En plus d’un certaine impression quant à l’impact, et aux conditions de tirs qui sont souvent dégradées, l’autre point de friction est le manque d’entraînement. D’après les membres des forces de l’ordre interrogés par Europe 1, il y en a trop peu. D’autant que l’habilitation LBD s’obtient en une journée avec présentation de l’arme, puis 3 tirs d’entraînement et 5 tirs devant l’examinateur. Il suffit alors d’avoir touché trois fois la cible.

Serge*, qui se considère « relativement bon tireur », se souvient parfaitement de son test d’habilitation. S’il a eu la cible trois fois sur « [ses] cinq tirs d’habilitation », il se « demande encore comment c’est passé » : « Par beau temps, de jour, sans stress, sans tenue de maintien de l’ordre sur le dos, en tirant en plein dans le thorax, il [le projectile, ndlr] a atteint la tête », se souvient-il. Et cette habilitation, qui ne le rassure pas lui-même, est valable trois ans.
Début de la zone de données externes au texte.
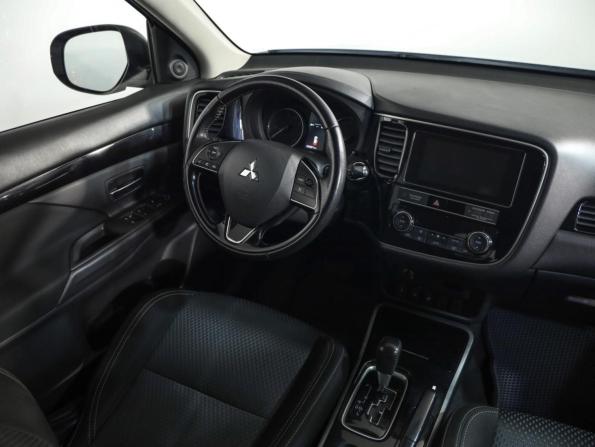 Mitsubishi Outlander III Рестайлинг 3 с пробегом 2019 года, цена 1 749 000 рублей, 153200 км, внедорожник, Автокод Объявления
La durée a même été rallongée d’une année en novembre 2017 notamment pour des questions de moyens. Il n’y a pas assez de formateurs et l’on fait des économies de munitions. Mais le LBD reste une arme intermédiaire utile, voire indispensable, entre le bâton et les armes à balles réelles. « C’est vrai pour le LBD, mais ça s’applique presque pour tout, la formation coûte chère et demande du temps », déplore un autre policier. Du côté des commissaires, certains plaident pour un changement de doctrine d’emploi. Une réforme globale du maintien de l’ordre est en ce moment à l’étude place Beauvau.